3 - Kit de joias "Ouro Branco" (anel, abotoaduras, rosário islâmico e um relógio): desta vez o relógio é da marca Rolex e os presentes foram recebidos por Jair Bolsonaro em visita à Arábia Saudita, em 2019. O conjunto de objetos teria sido levado aos EUA em junho de 2022, quando o ex-presidente esteve na Flórida. O tenente-coronel Mauro Cid teria então viajado para o estado da Pensilvânia e vendido o Rolex e outro relógio, de marca Patek Philippe, obtendo por eles US$ 68 mil (em torno de R$ 330 mil). O dinheiro foi depositado na conta do pai dele, o general Mauro Lourena Cid. As demais joias teriam sido vendidas em Miami, em outra joalheria. Quando a mídia divulgou que as joias presenteadas tinham sido incorporadas ao acervo de Jair Bolsonaro, os Cid (pai e filho) articularam uma operação de resgate dos bens vendidos.

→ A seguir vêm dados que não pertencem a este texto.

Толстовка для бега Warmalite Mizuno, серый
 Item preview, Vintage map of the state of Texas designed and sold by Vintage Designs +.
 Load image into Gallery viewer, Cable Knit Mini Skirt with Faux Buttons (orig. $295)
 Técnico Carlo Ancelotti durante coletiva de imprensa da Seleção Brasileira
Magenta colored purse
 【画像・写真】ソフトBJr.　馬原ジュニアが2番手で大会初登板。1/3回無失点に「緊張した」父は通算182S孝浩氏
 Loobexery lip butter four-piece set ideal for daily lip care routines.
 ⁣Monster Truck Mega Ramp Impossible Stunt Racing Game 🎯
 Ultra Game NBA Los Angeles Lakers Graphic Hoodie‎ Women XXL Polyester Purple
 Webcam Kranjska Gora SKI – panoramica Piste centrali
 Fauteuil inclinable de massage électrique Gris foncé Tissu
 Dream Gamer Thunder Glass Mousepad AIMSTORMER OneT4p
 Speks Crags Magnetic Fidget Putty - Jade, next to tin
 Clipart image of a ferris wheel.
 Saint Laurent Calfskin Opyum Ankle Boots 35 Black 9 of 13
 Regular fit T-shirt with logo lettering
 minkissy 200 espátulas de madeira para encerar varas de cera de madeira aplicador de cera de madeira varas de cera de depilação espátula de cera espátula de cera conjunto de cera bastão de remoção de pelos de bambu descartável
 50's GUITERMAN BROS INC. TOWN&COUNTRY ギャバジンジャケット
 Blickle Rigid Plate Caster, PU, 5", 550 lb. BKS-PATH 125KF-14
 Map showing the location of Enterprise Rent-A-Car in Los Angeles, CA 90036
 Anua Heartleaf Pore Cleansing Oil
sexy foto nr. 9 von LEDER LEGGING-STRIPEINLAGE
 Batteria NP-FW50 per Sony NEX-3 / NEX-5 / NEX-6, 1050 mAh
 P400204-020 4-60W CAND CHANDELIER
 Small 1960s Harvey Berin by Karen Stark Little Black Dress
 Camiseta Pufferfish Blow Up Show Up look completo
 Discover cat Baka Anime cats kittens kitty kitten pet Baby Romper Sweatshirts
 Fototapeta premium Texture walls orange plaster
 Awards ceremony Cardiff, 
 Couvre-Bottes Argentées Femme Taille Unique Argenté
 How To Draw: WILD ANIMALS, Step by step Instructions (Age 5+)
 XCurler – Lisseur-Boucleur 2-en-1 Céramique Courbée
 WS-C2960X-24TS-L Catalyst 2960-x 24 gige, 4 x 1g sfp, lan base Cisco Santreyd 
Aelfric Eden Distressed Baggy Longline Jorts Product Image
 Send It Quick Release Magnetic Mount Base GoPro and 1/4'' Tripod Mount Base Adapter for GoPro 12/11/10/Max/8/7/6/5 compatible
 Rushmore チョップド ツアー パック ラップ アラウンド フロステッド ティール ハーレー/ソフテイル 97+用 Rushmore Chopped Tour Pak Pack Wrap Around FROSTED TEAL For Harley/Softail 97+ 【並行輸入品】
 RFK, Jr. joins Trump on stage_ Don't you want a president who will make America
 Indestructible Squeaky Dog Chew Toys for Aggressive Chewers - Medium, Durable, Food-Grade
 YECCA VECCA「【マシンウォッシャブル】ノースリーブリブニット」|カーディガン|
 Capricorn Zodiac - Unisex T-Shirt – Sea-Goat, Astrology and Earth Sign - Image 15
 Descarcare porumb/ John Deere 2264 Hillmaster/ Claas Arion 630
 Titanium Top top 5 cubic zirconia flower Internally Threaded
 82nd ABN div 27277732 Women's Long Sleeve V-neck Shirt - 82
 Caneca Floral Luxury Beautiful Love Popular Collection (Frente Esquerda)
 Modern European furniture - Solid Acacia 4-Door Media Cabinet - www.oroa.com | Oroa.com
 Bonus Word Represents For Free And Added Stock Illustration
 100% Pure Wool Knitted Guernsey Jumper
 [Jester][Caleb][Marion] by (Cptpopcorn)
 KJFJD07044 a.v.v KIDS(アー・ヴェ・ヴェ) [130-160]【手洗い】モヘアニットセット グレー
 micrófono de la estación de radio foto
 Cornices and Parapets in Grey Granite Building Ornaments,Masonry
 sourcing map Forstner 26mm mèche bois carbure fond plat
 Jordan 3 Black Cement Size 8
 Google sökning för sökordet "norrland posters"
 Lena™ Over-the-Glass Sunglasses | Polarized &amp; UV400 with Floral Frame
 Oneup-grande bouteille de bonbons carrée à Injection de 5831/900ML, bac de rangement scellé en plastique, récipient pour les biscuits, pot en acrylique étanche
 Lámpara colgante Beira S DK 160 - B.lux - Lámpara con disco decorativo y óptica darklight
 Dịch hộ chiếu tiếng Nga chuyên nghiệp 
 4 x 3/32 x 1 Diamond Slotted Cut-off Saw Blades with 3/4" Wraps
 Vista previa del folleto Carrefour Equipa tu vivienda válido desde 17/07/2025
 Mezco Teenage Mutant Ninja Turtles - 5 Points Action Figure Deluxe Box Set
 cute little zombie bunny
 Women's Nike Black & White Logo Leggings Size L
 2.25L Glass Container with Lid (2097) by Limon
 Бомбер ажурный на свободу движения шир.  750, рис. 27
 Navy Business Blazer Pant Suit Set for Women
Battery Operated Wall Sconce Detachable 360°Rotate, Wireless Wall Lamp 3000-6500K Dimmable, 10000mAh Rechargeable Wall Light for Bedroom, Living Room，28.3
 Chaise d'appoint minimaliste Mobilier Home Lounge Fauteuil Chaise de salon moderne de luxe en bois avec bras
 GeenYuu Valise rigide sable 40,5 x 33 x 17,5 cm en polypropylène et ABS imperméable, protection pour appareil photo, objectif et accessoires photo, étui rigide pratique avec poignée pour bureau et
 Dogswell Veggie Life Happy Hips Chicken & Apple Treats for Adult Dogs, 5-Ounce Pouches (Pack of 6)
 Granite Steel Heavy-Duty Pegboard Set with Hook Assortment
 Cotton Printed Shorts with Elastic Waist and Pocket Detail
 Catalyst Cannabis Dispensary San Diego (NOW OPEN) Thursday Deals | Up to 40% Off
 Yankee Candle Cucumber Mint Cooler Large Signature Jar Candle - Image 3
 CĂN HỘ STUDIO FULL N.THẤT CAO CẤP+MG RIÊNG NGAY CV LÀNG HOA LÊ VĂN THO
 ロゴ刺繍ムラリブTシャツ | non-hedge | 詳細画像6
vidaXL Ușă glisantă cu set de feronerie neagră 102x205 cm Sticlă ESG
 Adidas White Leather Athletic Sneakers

Entra em cena, então, o advogado de Bolsonaro, Frederick Wassef, que viaja aos EUA e readquire o relógio Rolex, a preço superior ao vendido. O restante das joias foi recuperado pelo tenente-coronel Cid, em março de 2023. Todo o kit de presentes foi entregue à Caixa Econômica Federal em março.
Aqui é possível que o leitor fique em dúvida: se as joias foram devolvidas, qual o crime cometido pelos envolvidos? A questão é que, antes de serem devolvidas, algumas foram vendidas - e não poderiam, já que o presente era para o governo brasileiro, não para as pessoas. Pode ser usado, não comercializado. O outro ponto é que alguns dos objetos não foram mais localizados. Caberá aos advogados dos investigados arranjar explicações convincentes.